* _ACTION ITEM_
Please write out the entire listing below exactly, excluding its pictures.

*** Block opens ***

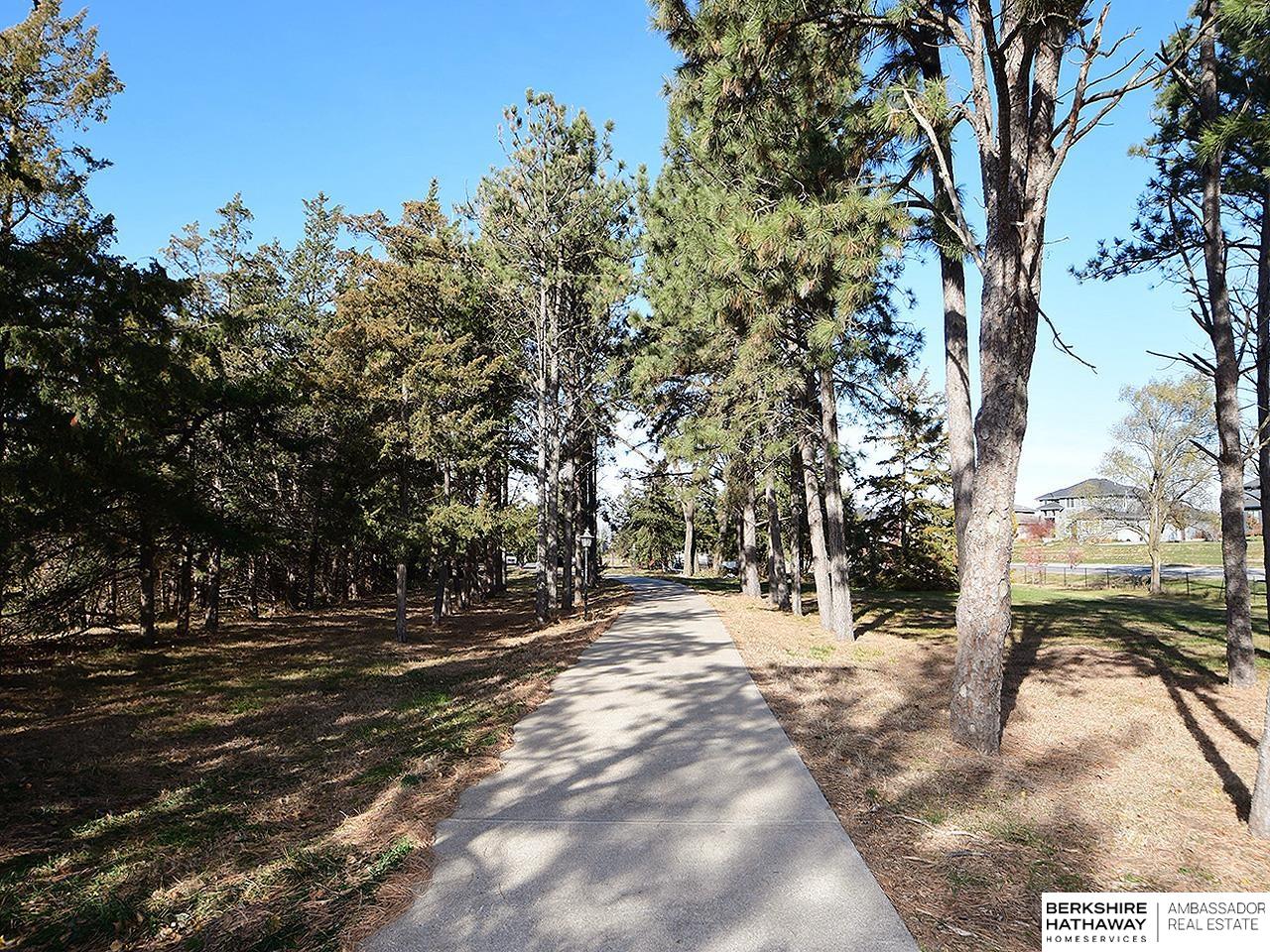 Waterloo, Nebraska 68069, United States, 4 Bedrooms Bedrooms, ,3 BathroomsBathrooms,Residential,Active,255318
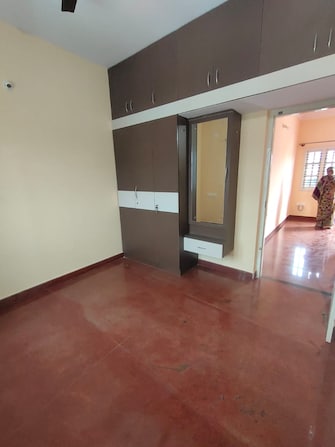 1 BHK Apartment For Rent in Iti Layout Bangalore  7605614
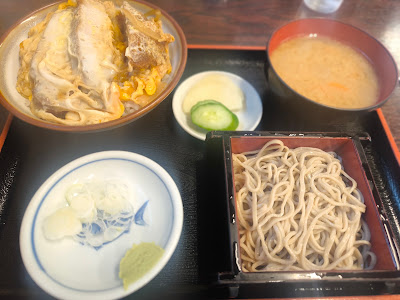 浅野屋 사진 4
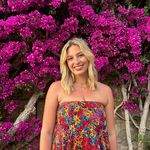 Samantha Bauer - @sam.bauer17 - Instagram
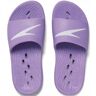 Speedo slide female miami lilac 5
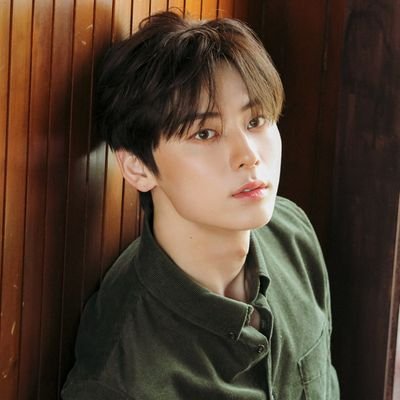 luv_optimusmh's profile picture. 🐢🐶🐯🦊🐰❤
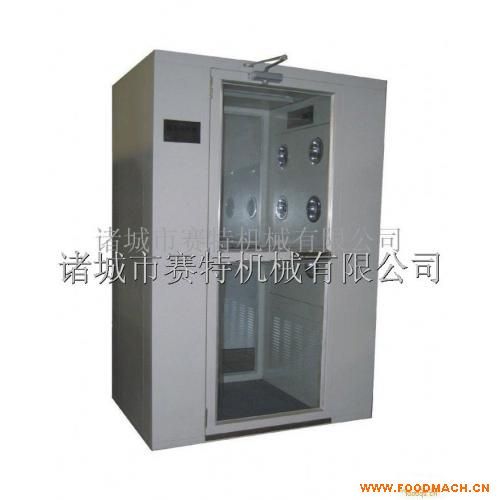 ʳƷ���a(ch��n)�S�Ҍ����L(f��ng)����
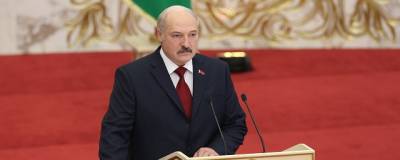 Александр Лукашенко - Роман Бабаян - Лукашенко: Я немного пересидел в кресле президента - runews24.ru - Москва - Белоруссия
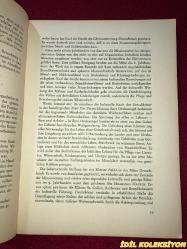 DEUTSCHE KULTURGESCHICHTE IM GRUNDRISS / WILHELM GOSSMANN / MAX HUEBER VERLAG / ALMANCA KİTAP (KAT PLANINDA ALMAN KÜLTÜR TARİHİ)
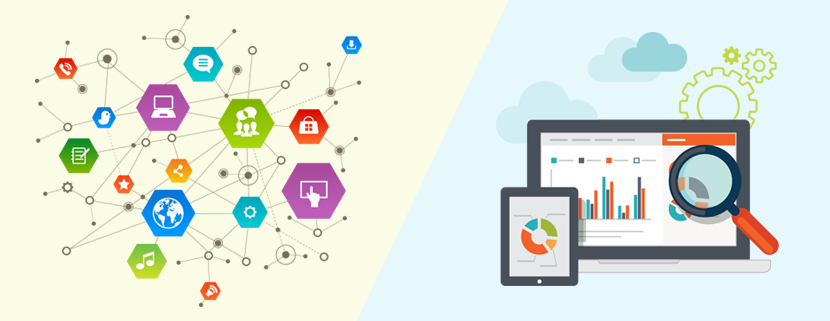 Field Service Management Market'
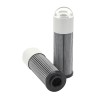 SF HY10230 Hydraulic Filter Element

*** Block closes ***

* _RESULT BELOW_
 Waterloo, Nebraska 68069, United States, 4 Bedrooms Bedrooms, ,3 BathroomsBathrooms,Residential,Active,255318
 1 BHK Apartment For Rent in Iti Layout Bangalore  7605614
 浅野屋 사진 4
 Samantha Bauer - @sam.bauer17 - Instagram
 Speedo slide female miami lilac 5
 luv_optimusmh's profile picture. 🐢🐶🐯🦊🐰❤
 ʳƷ���a(ch��n)�S�Ҍ����L(f��ng)����
 Александр Лукашенко - Роман Бабаян - Лукашенко: Я немного пересидел в кресле президента - runews24.ru - Москва - Белоруссия
 DEUTSCHE KULTURGESCHICHTE IM GRUNDRISS / WILHELM GOSSMANN / MAX HUEBER VERLAG / ALMANCA KİTAP (KAT PLANINDA ALMAN KÜLTÜR TARİHİ)
 Field Service Management Market'
 SF HY10230 Hydraulic Filter Element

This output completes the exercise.